18/11/2019 – Talk by Benjamin Krumnow

Title: mashing OpenWPM for fun and profit
Time: 10:00
Location: Acadia Lab, Building Zeta
Type: Research talk
Speaker:  Hugo Jonker
Abstract: Web bots are a widely recognized tool to conduct empirical studies in the World Wide Web. OpenWPM is a framework that uses a web bot framework to facilitates web measurements. It is used in at least 46 scientific studies. However, there are clear indications that web sites attempt to recognize web bots and thereupon serve deviating content or block bots. Due to browser fingerprinting, this can already happen with the first call of a web page. For doing so, a web server attempts to retrieve unique properties that distinguish a web bot from human-controlled web browsers. To what extent OpenWPM is vulnerable to fingerprint-based detection has yet not been questioned. In this talk, I will present our investigation of detecting OpenWPM users based on their fingerprints. For that, we conduct a systematic analysis of the OpenWPM system architecture.
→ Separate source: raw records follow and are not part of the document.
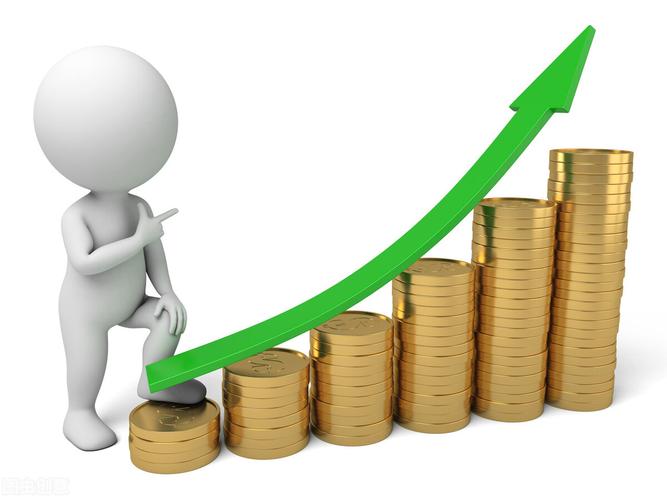 央行逆回购及其的影响（央行国债逆回购对股市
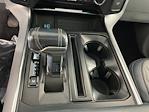 2023 Ford F-150 SuperCrew Cab 4WD Pickup for sale #IAB8210 - photo 23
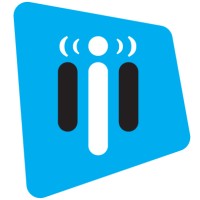 Commission for Complaints for Telecom-television Services Logo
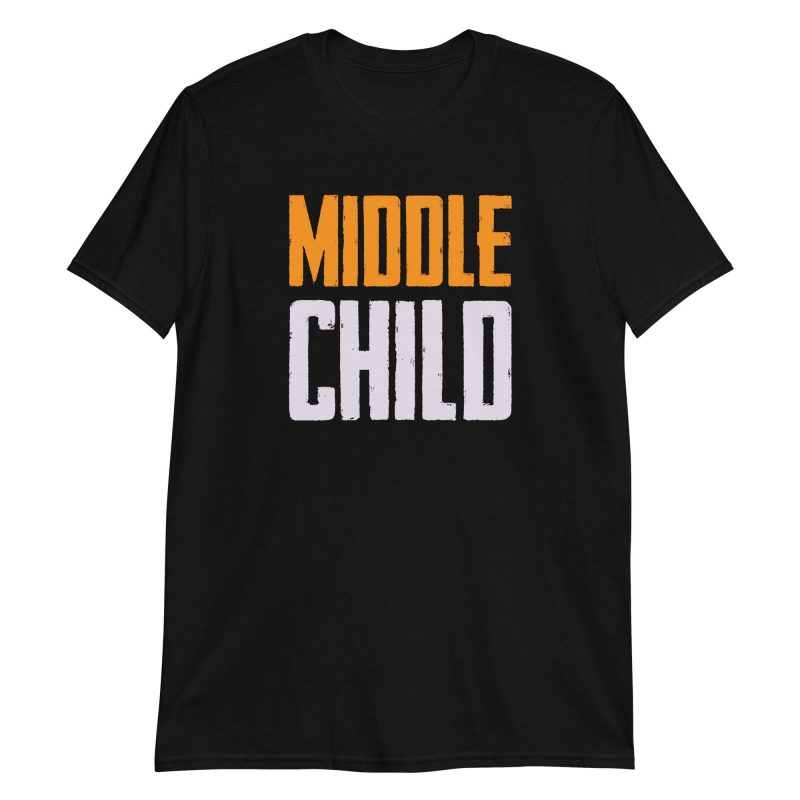 Middle Child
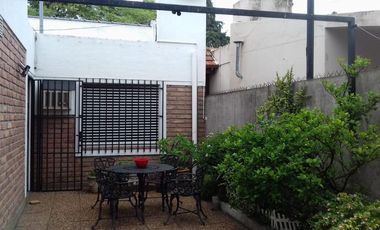 Casa - General Pico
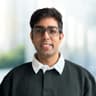 Tejas Vijh, Associate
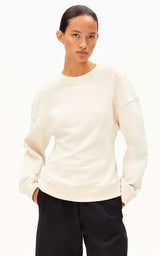 Sweater On-Nuttige Ton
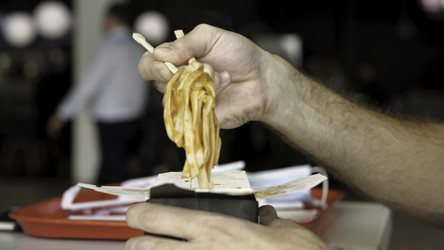 Similar image 22462024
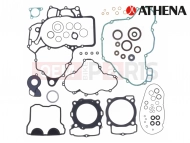 Gasket set - engine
We determine unique properties in OpenWPM’s fingerprint by applying fingerprinting and template attack tools for each component of OpenWPM. Our study reveals over 2K not-yet known properties, that would allow any web server to detect OpenWPM users. We show that most differences in OpenWPM result from automation components or the Firefox headless mode. Nevertheless, some deviations only occur in OpenWPM and could also be used to distinguish OpenWPM from ordinary bots. For demonstration purposes, we develop a web application that detects OpenWPM-based web clients and delivers manipulated content to them.